→ **Task details**:
Exclude all pictures from your copy of the data below, which should otherwise match exactly.

→ **Source material**:
□ □ □ □

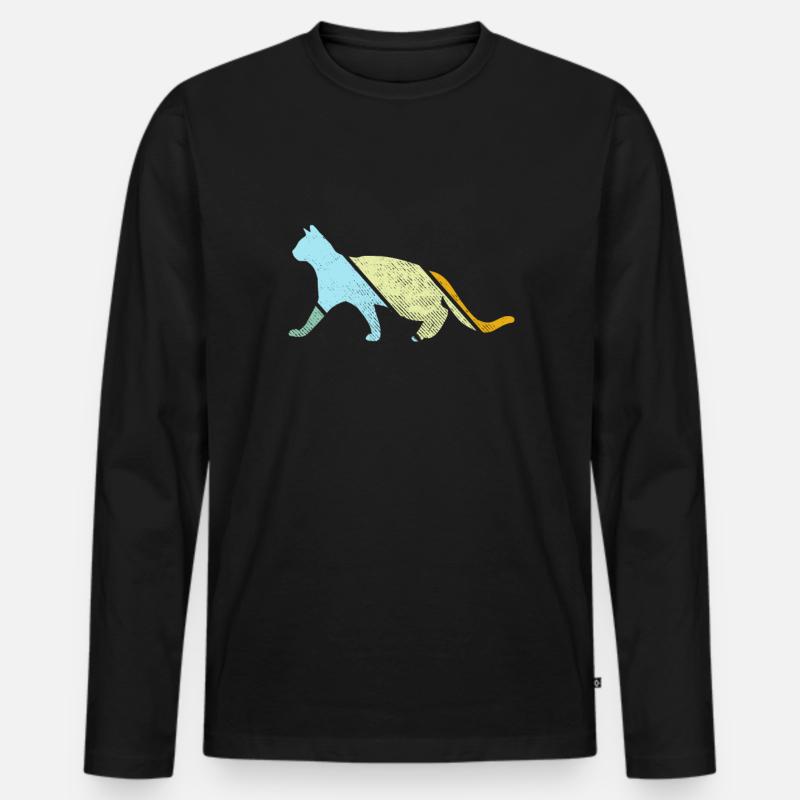 Katze Retro - Männer Premium Bio Langarmshirt - Schwarz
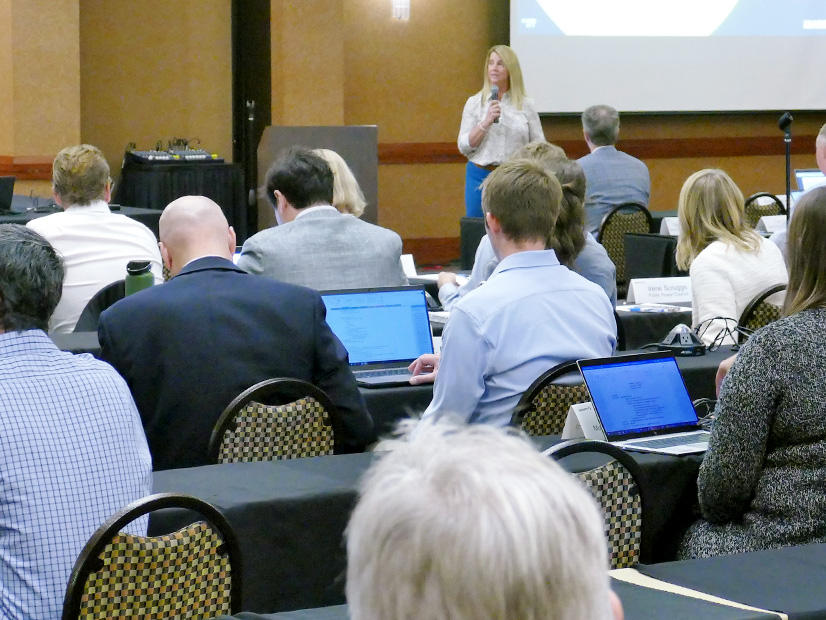 SPP CEO Barbara Sugg addresses western stakeholders during Markets+ meeting in Portland, Ore.
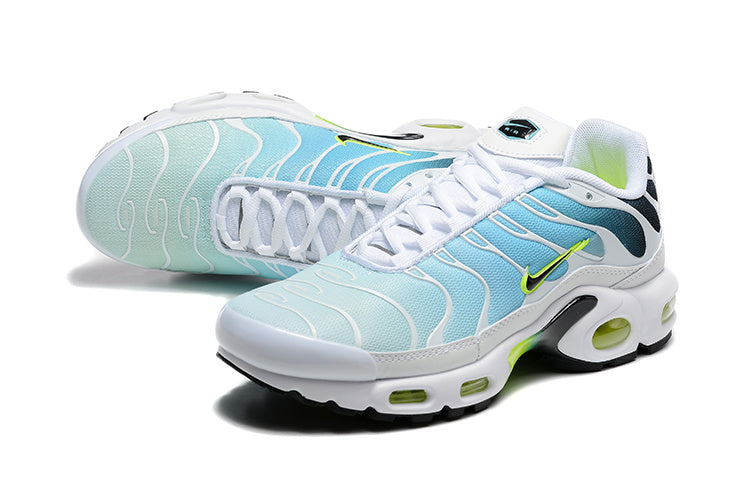 Nike Air Max Plus Sneakers in White, Aqua and Volt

□ □ □ □

→ **Your response**:
 Katze Retro - Männer Premium Bio Langarmshirt - Schwarz
 SPP CEO Barbara Sugg addresses western stakeholders during Markets+ meeting in Portland, Ore.
 Nike Air Max Plus Sneakers in White, Aqua and Volt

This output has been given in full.